Grounding Resistance

Estimate the resistance to earth of a single driven rod, multiple rods in parallel, or a ground grid, and compare against the 25-ohm NEC and 5-ohm targets.


IEEE Std 142 / NEC 250.53

Electrode Type

Soil & Electrode

Ω·m
m
mm

Results

33.49Ω
System resistance
33.49Ω
Single-rod resistance
No
Meets 25 Ω (NEC)
No
Meets 5 Ω target

About Grounding Resistance Calculator

The grounding resistance calculator estimates the resistance to earth of common grounding electrodes: a single driven ground rod, several rods connected in parallel, and a buried ground ring or grid. It uses the classical Dwight equation recommended in IEEE Std 142 (the Green Book) for the single rod and applies a spacing efficiency factor to the parallel arrangement so the result reflects the mutual coupling between closely spaced rods.

Enter the soil resistivity in ohm-metres, the rod length in metres, and the rod diameter in millimetres, and the tool reports the single-rod resistance, the resistance of the chosen electrode system, and whether it satisfies the 25-ohm threshold of NEC 250.53 and the tighter 5-ohm target often used for sensitive equipment. Soil resistivity dominates the result and varies widely with moisture and soil type, so use a measured value where possible.

How It Works

  1. Pick the electrode type: a single rod, multiple parallel rods, or a ground ring/grid.
  2. Enter soil resistivity (ohm-m), rod length (m), and rod diameter (mm). For parallel rods add the rod count and centre-to-centre spacing; for a grid add the enclosed area and total buried conductor length.
  3. The single rod uses the Dwight equation R = rho/(2*pi*L) * (ln(4L/a) - 1) with a = rod radius.
  4. Parallel rods apply R_n = R_single/(n*F), where F (0-1) is a spacing efficiency that rises with spacing and falls as rods are added. The grid uses R = rho/(4r) + rho/L_total with r the equivalent radius of the enclosed area.

Worked Example

A single copper-clad rod is driven into soil with resistivity rho = 100 ohm-m. The rod is L = 3 m long and d = 16 mm in diameter, so its radius a = 0.008 m.
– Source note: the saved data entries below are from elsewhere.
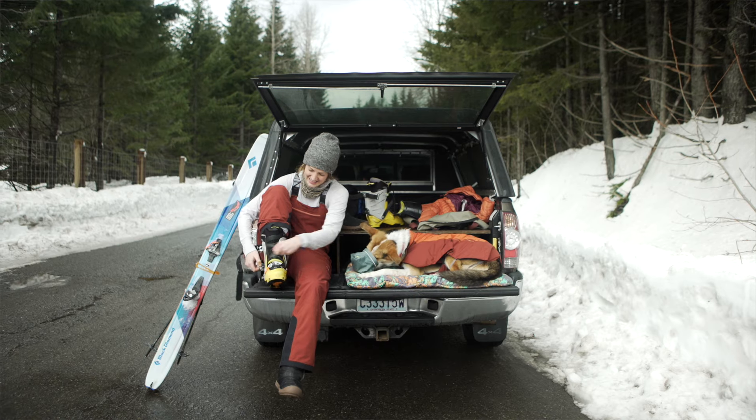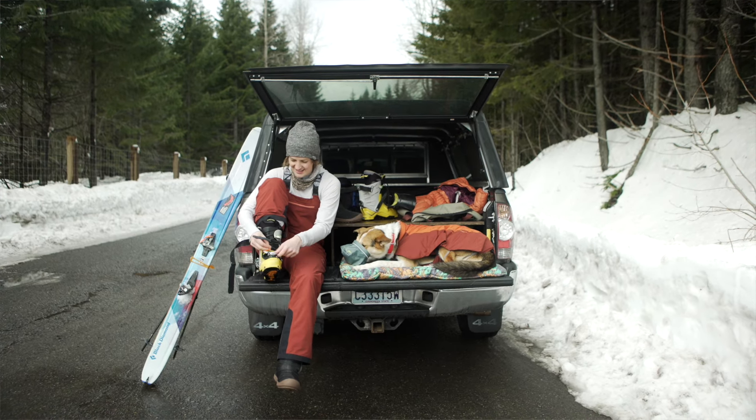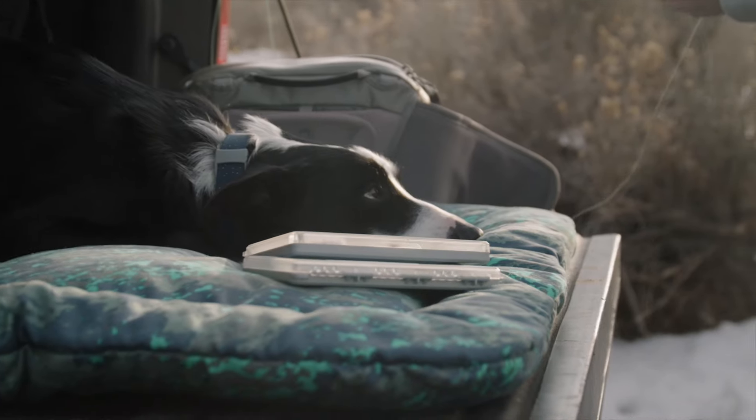Hi, I'm Liz, and this is Bernie. We're here to tell you about the new Basecamp bed. The Basecamp bed is a versatile and minimal landing pad for dogs in between adventures.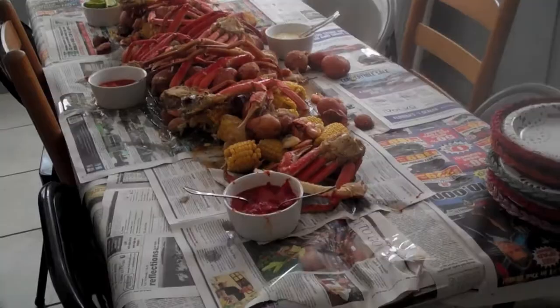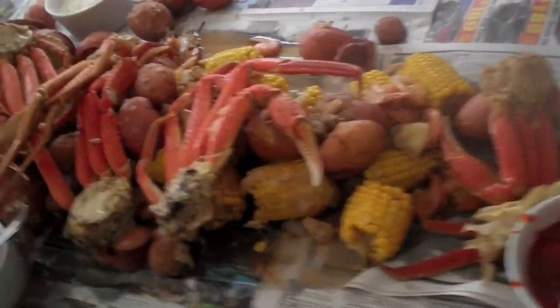And then this is the crab — this is the boil part of the crab boil. This is the crab part of the crab boil. Oh my god. Holy crab.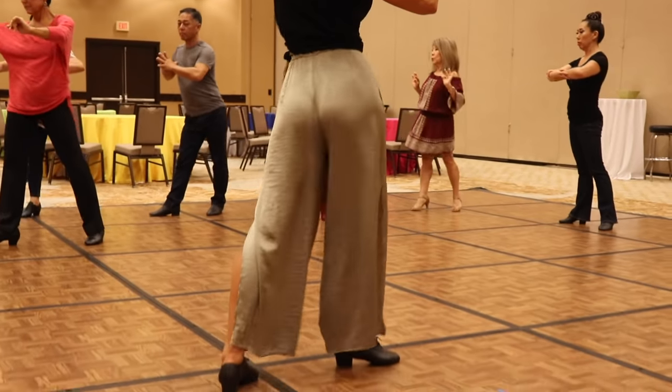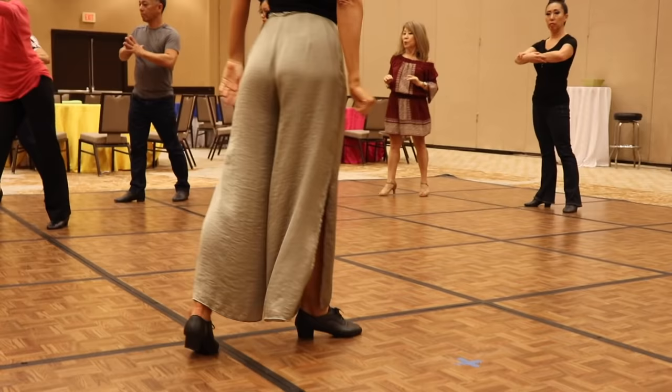Do the hip action. Very, very good. Yes. So, that's the action, what actually happens on count 4-1.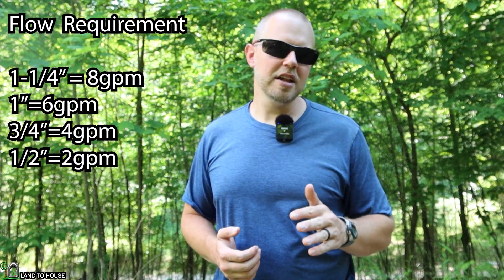You have to make sure you have enough water in your creek to support the size ram pump you're running. The inch and a quarter needs eight gallons a minute to operate. The one inch needs about six gallons a minute. Three quarter inch needs about four gallons, and the half inch needs right at two gallons a minute. There are some things you can adjust to use less water, but you have to have at least that much flow in your creek.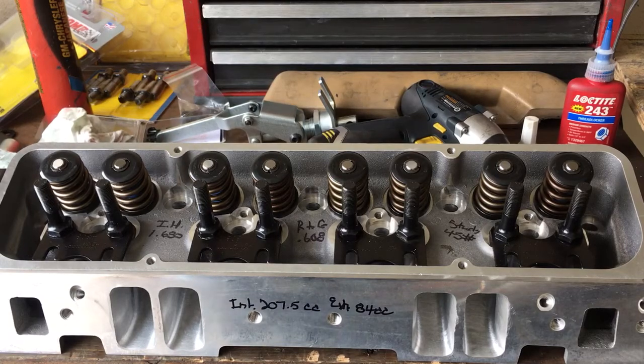Okay YouTubers, I'm doing the final assembly on these Quantico cylinder heads. I wanted to point out some information.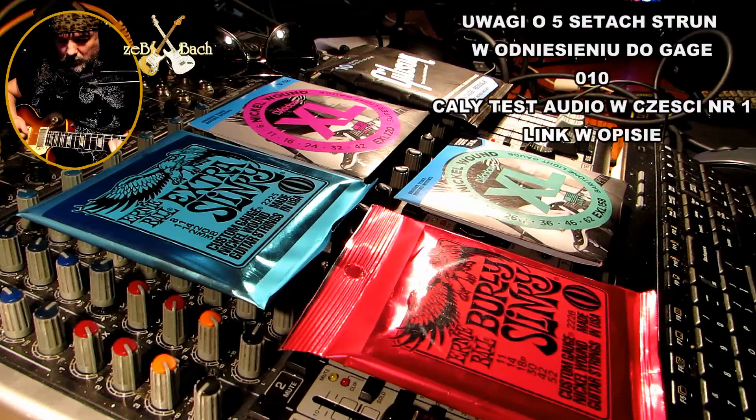Hello guys, witam cieplutko wszystkich. Zeba z tej strony. Dzisiaj zobaczymy jak brzmią struny różnych grubości — mały test.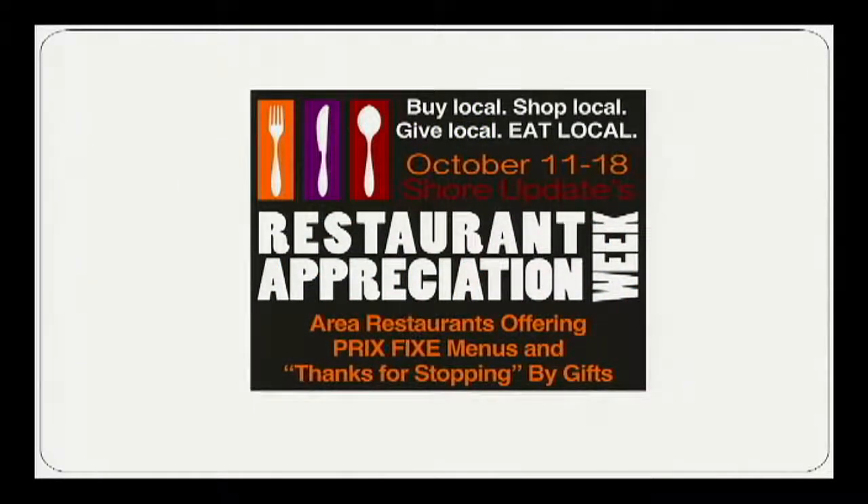Come out to Shore Updates Restaurant Appreciation Week, October 11th through the 18th. Come visit local restaurants and taste what they have to offer.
The Dwight equation gives R = 100/(2*pi*3) * (ln(4*3/0.008) - 1) = 5.305 * (7.3132 - 1) = 33.49 ohm, which exceeds the 25-ohm NEC limit. Driving four such rods in parallel at 3 m spacing with an efficiency F = 0.70 gives R = 33.49/(4*0.70) = 11.96 ohm, comfortably below 25 ohm.

Formulas

Single driven rod (Dwight equation)
R = rho / (2 * pi * L) * (ln(4 * L / a) - 1)
Multiple rods in parallel
R_n = R_single / (n * F)
Ground ring / grid estimate
R = rho / (4 * r) + rho / L_total, r = sqrt(A / pi)

Standards & References

  • IEEE Std 142 (Green Book)
  • IEEE Std 80 (grounding of substations)
  • NEC 250.53 (25-ohm rod requirement)

Frequently Asked Questions

Why does the 25-ohm value matter?

NEC 250.53(A)(2) requires a single made electrode (rod, pipe, or plate) to achieve 25 ohm or less; if it does not, a second electrode must be added. The 25-ohm figure is a code minimum, not a performance target for equipment grounding.

What soil resistivity should I use?

Soil resistivity varies enormously, from under 50 ohm-m for wet clay to several thousand ohm-m for dry sand or rock. Use a measured Wenner four-pin value for the site; the calculation is directly proportional to resistivity, so this input dominates the answer.

Why is doubling the rods not halving the resistance?

Rods placed close together share overlapping soil volumes, so they partly compete for the same current paths. The spacing efficiency factor F captures this: at typical spacing four rods behave like about 2.8 independent rods, which is why R_n = R_single / (n * F) rather than R_single / n.

Is this a substitute for a measured ground test?

No. It is a design-stage estimate. The actual resistance depends on seasonal moisture, soil layering, and installation quality, so always confirm with a fall-of-potential or clamp-on ground resistance measurement after installation.